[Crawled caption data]
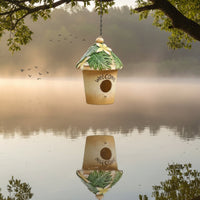 Welcome Birdhouse Hand Painted Resin Bird Shelter Weather Resistant for Balcony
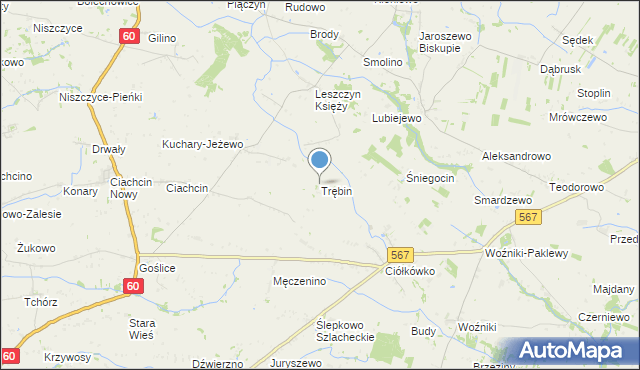 mapa Trębin, Trębin na mapie Targeo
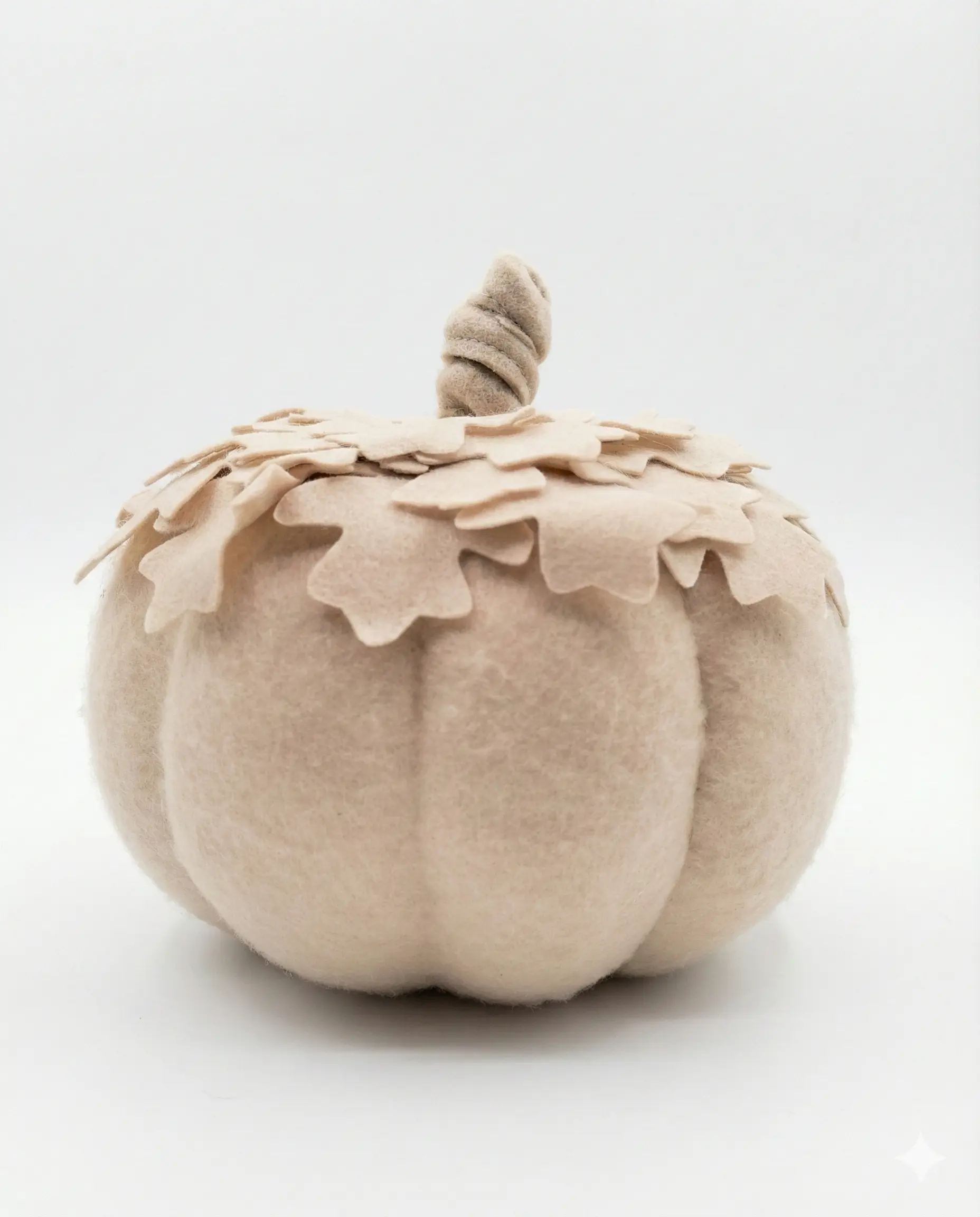 Beige Felt Pumpkin for Autumn Harvest Decor and Thanksgiving centerpiece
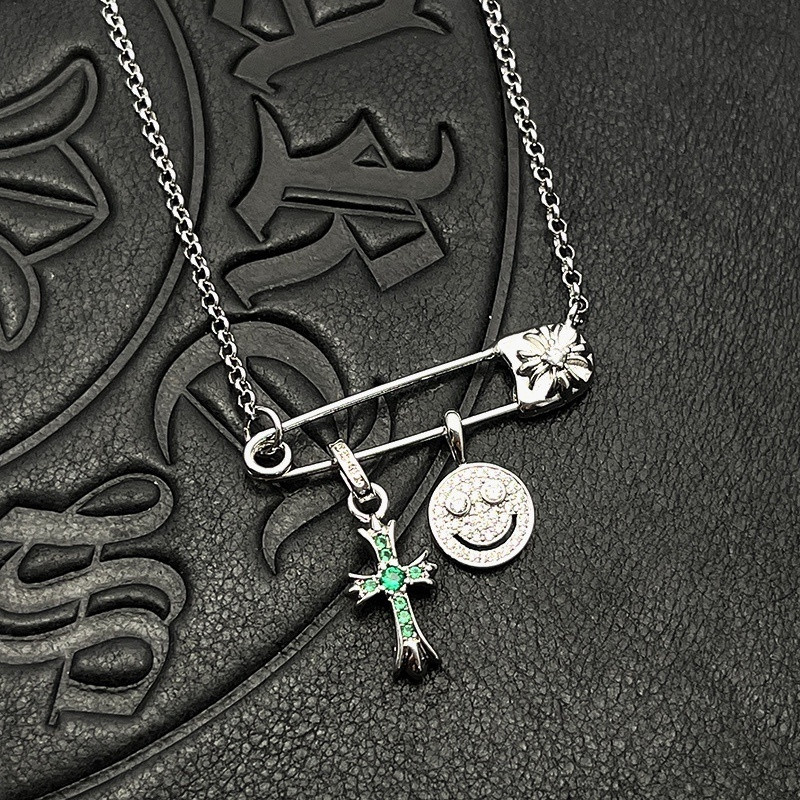 Chrome Hearts Smiley Face Small Cross Necklace (Chain length 45+5cm)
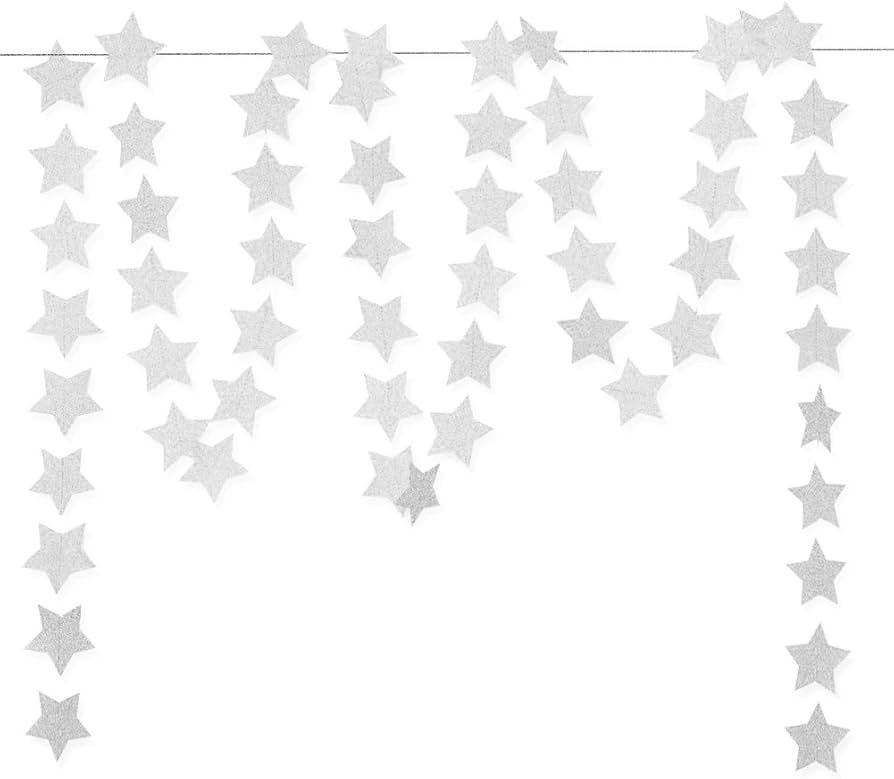 Aonor Glitter Silver Paper Star Hanging Garland - Twinkle Star Banner for Baby Shower Backdrop, B... | Amazon (US)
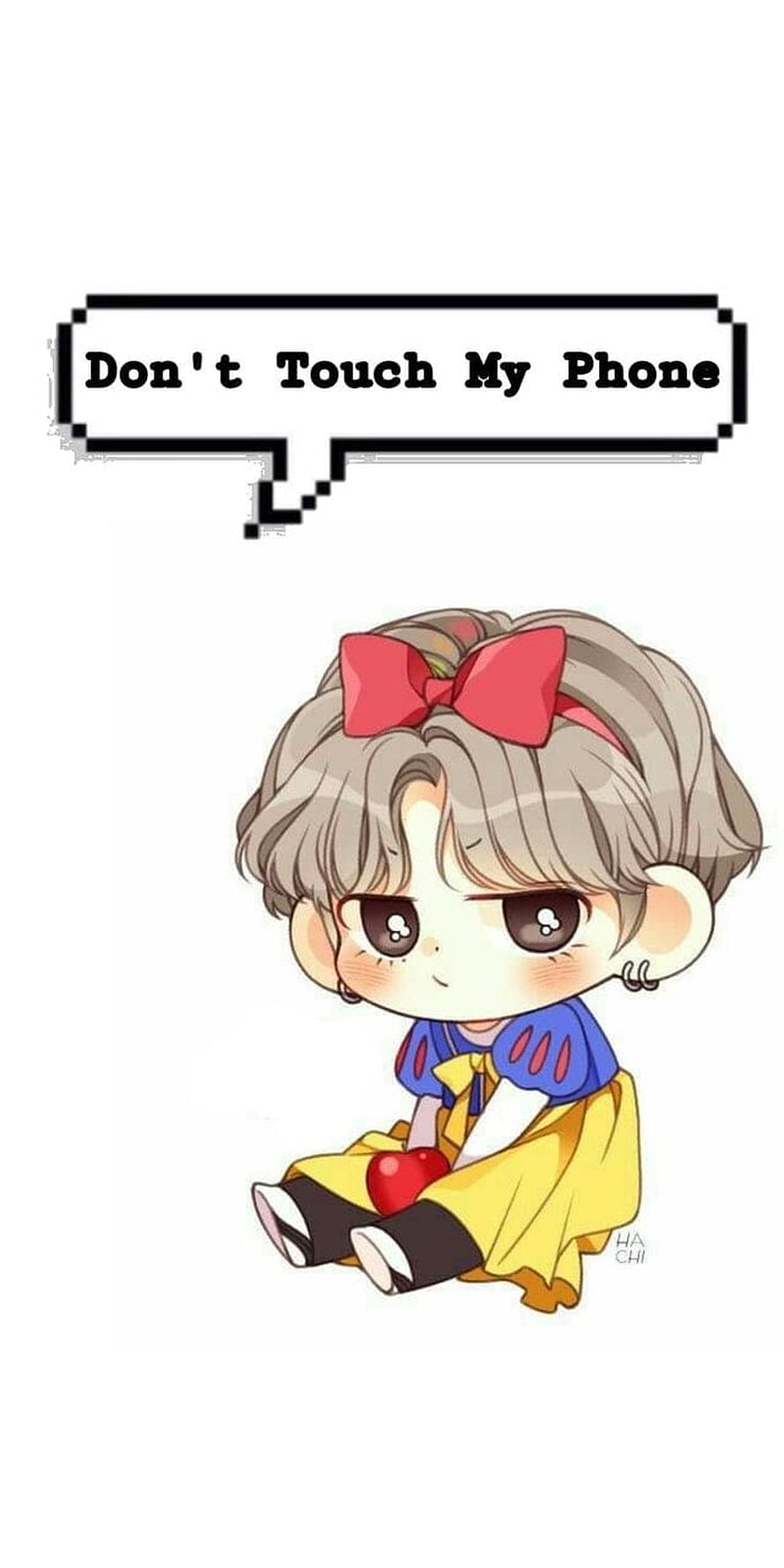 Cute Chibi BTS Member Illustration with Red Bow and Speech Bubble HD phone wallpaper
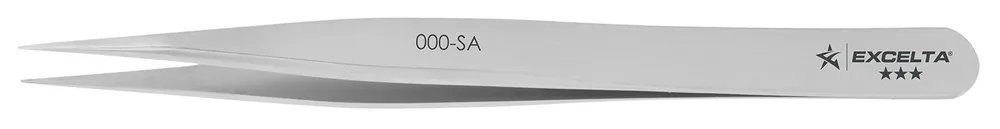 Excelta 000-SA ★★★ Swiss-Made Neverust® Anti-Magnetic Stainless Steel Tweezer with Straight, Strong, Medium Point Radius Tips, 4.75" OAL
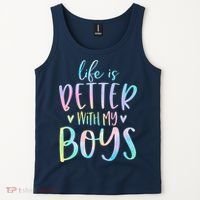 Life Is Better With My Boy Mom Of Boy Gifts Tie Dye Long Tank Top thumb 2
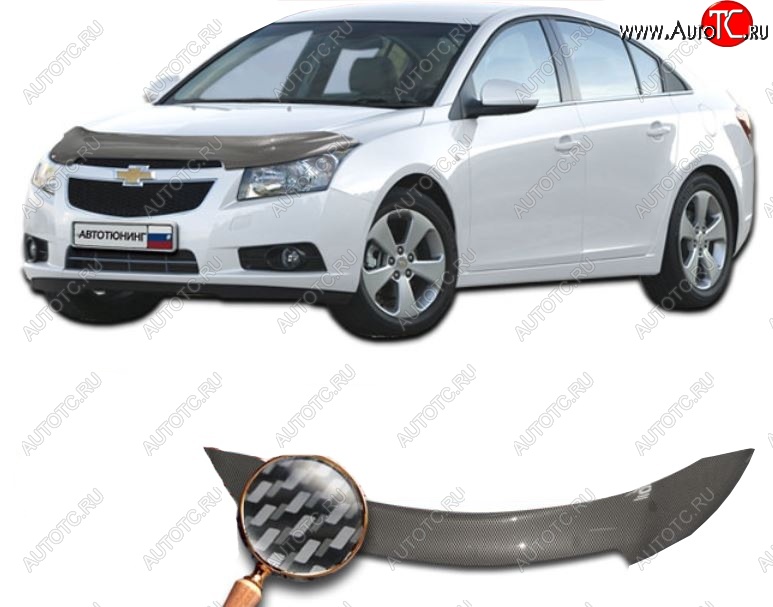 2 559 р. Дефлектор капота CA-Plastiс  Chevrolet Cruze ( J300,  D2LC) (2009-2018) седан дорестайлинг, седан рестайлинг, седан дорестайлинг (Шелкография карбон-серебро)  с доставкой в г. Таганрог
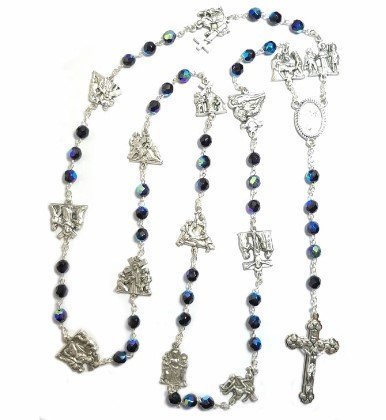 CORONA ROSARIO VIA CRUCIS - Con le 15 stazioni a medaglia.
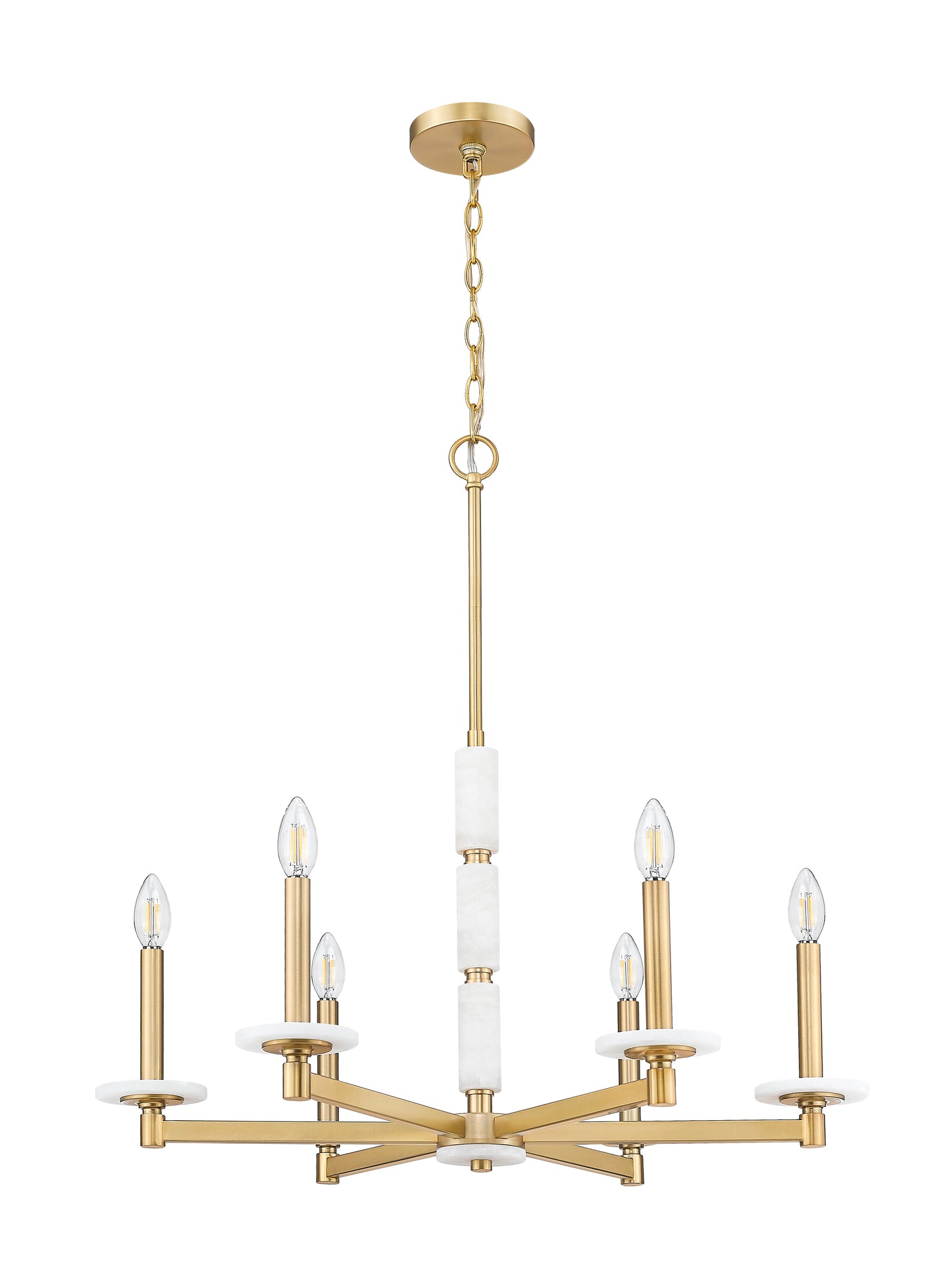 3045-6MGLD - Kaden 6 Light 28" Chandelier - Modern Gold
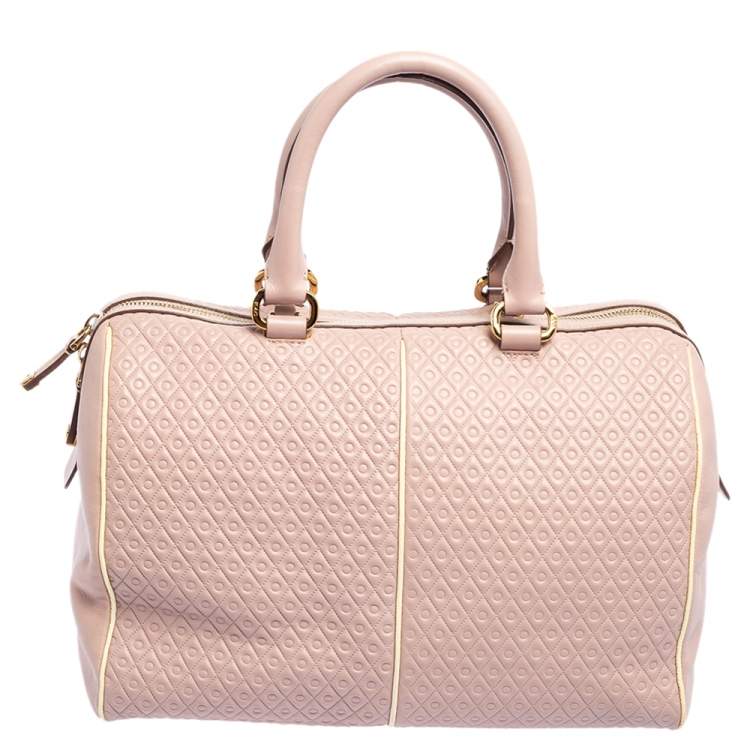 Pre Owned Tod's Pink/White Signature Leather Boston Bag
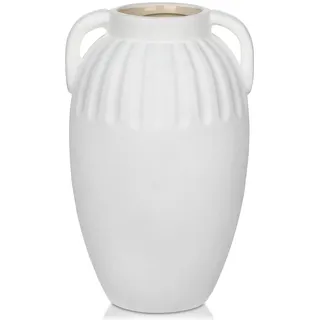 Vintage Vasen mit Griffen Keramikvase Handgemachte Terrakotta-Vase Tischvase aus Keramik für Deko Wohnzimmer Home Office, Vase für Pampasgras, Rustikales Antikes Dekor, Hohe 23cm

*What you have to do:*
Set down word for word the lines from the first entry through the line with "Aonor Glitter Silver", both included, omitting pictures.

*Your solution:*
 Welcome Birdhouse Hand Painted Resin Bird Shelter Weather Resistant for Balcony
 mapa Trębin, Trębin na mapie Targeo
 Beige Felt Pumpkin for Autumn Harvest Decor and Thanksgiving centerpiece
 Chrome Hearts Smiley Face Small Cross Necklace (Chain length 45+5cm)
 Aonor Glitter Silver Paper Star Hanging Garland - Twinkle Star Banner for Baby Shower Backdrop, B... | Amazon (US)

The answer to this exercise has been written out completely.